Les Républicains utilisent les réductions budgétaires comme une excuse. Ils essayent de retirer des services pour les familles de travailleurs, et dans le même temps, ils accordent des réductions majeures de taxe aux entreprises et aux riches. Il est donc difficile de croire que c’est vraiment lié à des réductions de budget. Si vous regardez les élections de 2010, et comme nous le savons tous, de larges victoires ont été remportées par beaucoup de candidats du Tea Party -, les contributeurs les plus importants du parti démocrate ont été les syndicats du secteur public. Il ne s’agissait pas que d’argent mais aussi de votes et de bénévoles.

Existe-t-il une relation entre la force et le pouvoir des marchés financiers et la faiblesse de la capacité des syndicats à négocier ?

L’effort concerté des entreprises américaines pour affaiblir les syndicats est un problème majeur. Les syndicats ont été à leur apogée entre la fin de la Seconde Guerre mondiale et le début des années 70. À cette époque, nous avons observé une tentative organisée et très bien financée – malheureusement assez efficace – de retirer le pouvoir aux syndicats et de rendre plus difficile pour les travailleurs d’en former un. En termes de mondialisation et de croissance des marchés financiers, l’attaque contre le mouvement syndicaliste aux États-Unis a précédé les tentatives importantes de globalisation, qui sont elles beaucoup plus récentes.

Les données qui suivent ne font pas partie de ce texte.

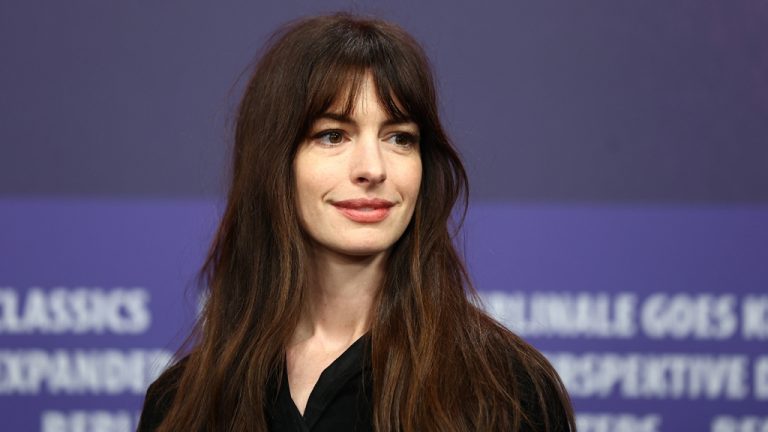 Anne Hathaway fait l’éloge du Festival de Berlin pour avoir présenté l’Ukrainien Zelensky lors de la première mondiale de « She Came to Me » : « Un héros de notre temps »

Les actions unilatérales de Walker ont suscité beaucoup de frustration, mais pas tant que cela en termes de résolution des problèmes. Que suggérez-vous pour que la classe moyenne progresse ?

La classe moyenne peut progresser en s’organisant et en essayant de changer les fondements de la politique. Si les gens travaillent pour quelqu’un d’autre sans être syndiqués, ils devraient alors le faire. Ils devraient obliger les politiques à rendre des comptes. Nous devrions penser les améliorations de la société en se basant sur la création d’emplois décents. Malheureusement la reprise économique que nous avons aux États-Unis, dans la mesure où nous en avons eu une, est une reprise sans emplois. Cela ne sert pas du tout les intérêts de la classe moyenne, de la classe des travailleurs, ou des pauvres.

Quels types de loi aimeriez-vous voir passer aux États-Unis pour améliorer la législation ?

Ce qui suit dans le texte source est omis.